Anggota Bawaslu Totok Hariyono menyampaikan ada berbagai macam pintu penegakan hukum pemilu di Indonesia dalam rangka melindungi hak konstitusonal warga negara Indonesia untuk menegakkan demokrasi.

"Di Indonesia ada berjenjang orang yang mencari keadilan pemilu, ada yang lewat Bawaslu, tapi kalau ada pelanggaran administrasi pemilu yang bersifat terstruktur, sistematis, dan masif (TSM) mereka bisa mencari pintu keadilan lewat Mahkamah Agung (MA)," imbuhnya.

Ia menambahkan jika ada pelanggaran pidana pemilu, maka Bawaslu akan bekerja sama dalam satu pintu dengan kejaksaan, kepolisian dalam wadah Sentra Gakkumdu (Penegakan Hukum Terpadu).

Dari sisi penyelenggara ada lembaga Dewan Kehormatan Penyelenggara Pemilu (DKPP) yang bisa memproses dan menyelesaikan pelanggaran etika dari penyelenggara pemilu.

Pelanggaran terhadap etik, akan mendapatkan sanksi etik yang tentu lebih berat dari pada sangsi badan dan harta.

"Karena sangsi etik itu sama dengan sangsi moral kemanusiaan.
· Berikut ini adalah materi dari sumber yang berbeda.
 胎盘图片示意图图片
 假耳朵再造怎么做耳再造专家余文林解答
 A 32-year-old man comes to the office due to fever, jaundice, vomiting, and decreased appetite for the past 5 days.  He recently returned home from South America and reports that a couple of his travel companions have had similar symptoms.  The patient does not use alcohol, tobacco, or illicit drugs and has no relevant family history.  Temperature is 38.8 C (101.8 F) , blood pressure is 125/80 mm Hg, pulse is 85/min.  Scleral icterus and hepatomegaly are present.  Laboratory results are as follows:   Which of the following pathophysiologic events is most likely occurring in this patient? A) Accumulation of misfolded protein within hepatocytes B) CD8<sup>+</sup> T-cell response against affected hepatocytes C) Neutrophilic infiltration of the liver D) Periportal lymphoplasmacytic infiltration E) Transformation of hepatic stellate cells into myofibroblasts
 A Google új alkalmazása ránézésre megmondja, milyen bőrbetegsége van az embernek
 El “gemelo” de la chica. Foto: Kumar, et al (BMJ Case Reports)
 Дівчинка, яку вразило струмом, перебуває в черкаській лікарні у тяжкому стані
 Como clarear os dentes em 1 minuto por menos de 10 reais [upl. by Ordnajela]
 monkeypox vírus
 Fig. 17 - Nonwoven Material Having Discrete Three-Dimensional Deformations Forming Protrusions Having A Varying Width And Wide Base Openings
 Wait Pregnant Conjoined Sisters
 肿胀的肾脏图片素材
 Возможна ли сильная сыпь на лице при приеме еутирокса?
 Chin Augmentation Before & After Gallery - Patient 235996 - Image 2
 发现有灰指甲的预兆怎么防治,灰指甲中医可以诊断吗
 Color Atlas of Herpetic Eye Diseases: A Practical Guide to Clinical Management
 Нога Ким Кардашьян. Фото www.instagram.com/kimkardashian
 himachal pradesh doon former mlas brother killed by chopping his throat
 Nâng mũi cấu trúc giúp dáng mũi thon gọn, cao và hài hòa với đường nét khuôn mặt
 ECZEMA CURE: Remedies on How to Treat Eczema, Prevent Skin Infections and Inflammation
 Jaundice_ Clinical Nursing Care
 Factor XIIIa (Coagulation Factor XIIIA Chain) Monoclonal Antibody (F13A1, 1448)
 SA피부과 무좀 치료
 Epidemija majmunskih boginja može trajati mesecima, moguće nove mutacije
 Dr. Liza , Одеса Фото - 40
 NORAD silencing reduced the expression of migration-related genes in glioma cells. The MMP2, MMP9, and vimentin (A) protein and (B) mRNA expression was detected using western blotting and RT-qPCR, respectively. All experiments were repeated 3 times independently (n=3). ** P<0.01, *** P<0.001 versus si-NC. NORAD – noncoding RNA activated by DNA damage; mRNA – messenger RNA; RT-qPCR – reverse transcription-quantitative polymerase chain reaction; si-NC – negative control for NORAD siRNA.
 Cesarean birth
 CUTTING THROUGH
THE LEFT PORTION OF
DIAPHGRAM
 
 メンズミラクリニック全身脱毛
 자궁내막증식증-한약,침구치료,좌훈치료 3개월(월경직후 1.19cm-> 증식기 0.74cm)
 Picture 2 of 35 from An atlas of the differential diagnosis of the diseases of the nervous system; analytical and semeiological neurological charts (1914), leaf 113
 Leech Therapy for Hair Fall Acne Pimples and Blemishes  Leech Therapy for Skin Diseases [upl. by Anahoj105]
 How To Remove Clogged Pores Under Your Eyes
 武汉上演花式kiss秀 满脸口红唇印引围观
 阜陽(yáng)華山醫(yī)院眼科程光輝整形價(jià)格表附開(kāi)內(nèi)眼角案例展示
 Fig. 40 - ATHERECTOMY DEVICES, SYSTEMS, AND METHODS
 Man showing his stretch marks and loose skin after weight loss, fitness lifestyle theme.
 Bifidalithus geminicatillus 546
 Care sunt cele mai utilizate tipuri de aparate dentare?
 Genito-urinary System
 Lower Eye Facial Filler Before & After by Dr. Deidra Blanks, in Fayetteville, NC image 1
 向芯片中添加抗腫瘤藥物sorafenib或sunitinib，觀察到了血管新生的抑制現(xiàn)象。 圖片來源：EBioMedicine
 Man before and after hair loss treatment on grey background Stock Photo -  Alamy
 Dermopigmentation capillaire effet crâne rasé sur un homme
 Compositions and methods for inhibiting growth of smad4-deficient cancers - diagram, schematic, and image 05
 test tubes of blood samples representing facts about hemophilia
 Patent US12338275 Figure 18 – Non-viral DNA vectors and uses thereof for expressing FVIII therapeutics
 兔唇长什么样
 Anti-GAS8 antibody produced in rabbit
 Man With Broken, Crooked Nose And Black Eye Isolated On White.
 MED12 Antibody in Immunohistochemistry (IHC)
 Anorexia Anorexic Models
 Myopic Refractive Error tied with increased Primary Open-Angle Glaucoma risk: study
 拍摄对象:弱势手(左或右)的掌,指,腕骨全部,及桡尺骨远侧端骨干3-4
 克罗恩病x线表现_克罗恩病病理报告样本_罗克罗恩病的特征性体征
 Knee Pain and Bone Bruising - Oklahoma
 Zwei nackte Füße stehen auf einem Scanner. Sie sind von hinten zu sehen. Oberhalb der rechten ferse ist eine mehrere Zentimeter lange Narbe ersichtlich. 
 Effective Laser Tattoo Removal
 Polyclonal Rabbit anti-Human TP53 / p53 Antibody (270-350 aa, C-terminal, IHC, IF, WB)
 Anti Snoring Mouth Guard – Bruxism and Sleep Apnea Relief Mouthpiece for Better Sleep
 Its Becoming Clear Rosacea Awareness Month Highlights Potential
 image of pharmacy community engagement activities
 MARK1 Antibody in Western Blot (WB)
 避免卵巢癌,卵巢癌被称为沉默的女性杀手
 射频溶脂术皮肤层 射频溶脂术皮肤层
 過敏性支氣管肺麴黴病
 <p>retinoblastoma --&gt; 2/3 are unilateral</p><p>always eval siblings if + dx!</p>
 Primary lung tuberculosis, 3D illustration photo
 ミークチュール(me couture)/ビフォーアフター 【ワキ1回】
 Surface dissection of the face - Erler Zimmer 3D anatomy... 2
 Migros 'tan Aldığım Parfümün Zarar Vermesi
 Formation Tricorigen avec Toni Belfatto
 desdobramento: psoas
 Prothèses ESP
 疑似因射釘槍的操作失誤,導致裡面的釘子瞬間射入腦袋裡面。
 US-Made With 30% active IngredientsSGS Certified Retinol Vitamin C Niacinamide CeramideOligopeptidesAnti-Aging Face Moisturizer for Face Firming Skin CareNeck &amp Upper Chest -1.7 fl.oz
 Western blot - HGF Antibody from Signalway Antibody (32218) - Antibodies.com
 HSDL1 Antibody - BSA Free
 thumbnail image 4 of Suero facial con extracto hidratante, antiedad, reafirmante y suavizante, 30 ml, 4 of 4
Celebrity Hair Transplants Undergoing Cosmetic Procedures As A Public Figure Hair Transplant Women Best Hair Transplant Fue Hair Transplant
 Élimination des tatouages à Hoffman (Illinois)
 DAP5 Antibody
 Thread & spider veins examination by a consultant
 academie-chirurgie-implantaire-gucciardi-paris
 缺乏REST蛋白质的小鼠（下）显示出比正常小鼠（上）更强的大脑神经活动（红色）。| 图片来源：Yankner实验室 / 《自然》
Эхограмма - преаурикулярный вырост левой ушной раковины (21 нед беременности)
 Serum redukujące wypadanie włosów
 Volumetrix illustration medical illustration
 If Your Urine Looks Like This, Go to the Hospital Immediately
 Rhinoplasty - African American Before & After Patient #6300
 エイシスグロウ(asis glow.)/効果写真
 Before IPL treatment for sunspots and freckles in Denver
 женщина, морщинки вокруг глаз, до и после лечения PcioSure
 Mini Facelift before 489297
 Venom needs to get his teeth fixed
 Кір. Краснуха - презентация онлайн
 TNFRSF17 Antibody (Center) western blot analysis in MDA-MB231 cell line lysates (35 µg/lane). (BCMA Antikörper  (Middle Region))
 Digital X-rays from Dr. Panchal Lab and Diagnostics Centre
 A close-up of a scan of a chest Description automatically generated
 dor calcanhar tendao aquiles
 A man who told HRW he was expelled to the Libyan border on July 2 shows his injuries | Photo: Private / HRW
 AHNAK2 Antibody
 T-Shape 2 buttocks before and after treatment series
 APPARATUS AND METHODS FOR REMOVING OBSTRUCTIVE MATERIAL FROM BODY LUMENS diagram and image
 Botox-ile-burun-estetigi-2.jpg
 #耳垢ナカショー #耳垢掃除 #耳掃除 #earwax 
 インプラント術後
Orang boleh dihukum badannya, hartanya, tapi kalau dihukum etik, maka hukum kemanusiaannya lebih berat dari hukum badan dan harta. Itu adalah DKPP kalau ada pelanggaran etik penyelenggara pemilu," kata Totok.

Ditempat yang sama, Ketua Bawaslu Lampung Iskardo P. Panggar mengatakan kesempatan tersebut merupakan tempat atau wadah untuk melakukan pertukaran Inovasi, kreasi, dan strategi dalam pengawasan pemilu.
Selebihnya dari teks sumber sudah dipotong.